• _ACTIVITY_: Whenever the word "with" shows up in a line of the data, copy that line.

(RECORDS PROVIDED)

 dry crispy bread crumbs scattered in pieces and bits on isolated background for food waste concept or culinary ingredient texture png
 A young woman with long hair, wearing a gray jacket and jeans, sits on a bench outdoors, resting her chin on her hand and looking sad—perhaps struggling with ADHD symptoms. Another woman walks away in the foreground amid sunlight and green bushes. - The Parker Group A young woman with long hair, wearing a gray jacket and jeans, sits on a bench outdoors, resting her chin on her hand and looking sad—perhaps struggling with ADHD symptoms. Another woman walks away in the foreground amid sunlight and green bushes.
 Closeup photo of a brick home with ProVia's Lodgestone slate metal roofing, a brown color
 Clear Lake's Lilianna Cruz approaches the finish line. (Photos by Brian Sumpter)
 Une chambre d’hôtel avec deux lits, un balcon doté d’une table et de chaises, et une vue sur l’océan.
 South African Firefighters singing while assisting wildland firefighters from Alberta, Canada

(End RECORDS PROVIDED)

• _SOLUTION TO THE PROBLEM_:
 A young woman with long hair, wearing a gray jacket and jeans, sits on a bench outdoors, resting her chin on her hand and looking sad—perhaps struggling with ADHD symptoms. Another woman walks away in the foreground amid sunlight and green bushes. - The Parker Group A young woman with long hair, wearing a gray jacket and jeans, sits on a bench outdoors, resting her chin on her hand and looking sad—perhaps struggling with ADHD symptoms. Another woman walks away in the foreground amid sunlight and green bushes.
 Closeup photo of a brick home with ProVia's Lodgestone slate metal roofing, a brown color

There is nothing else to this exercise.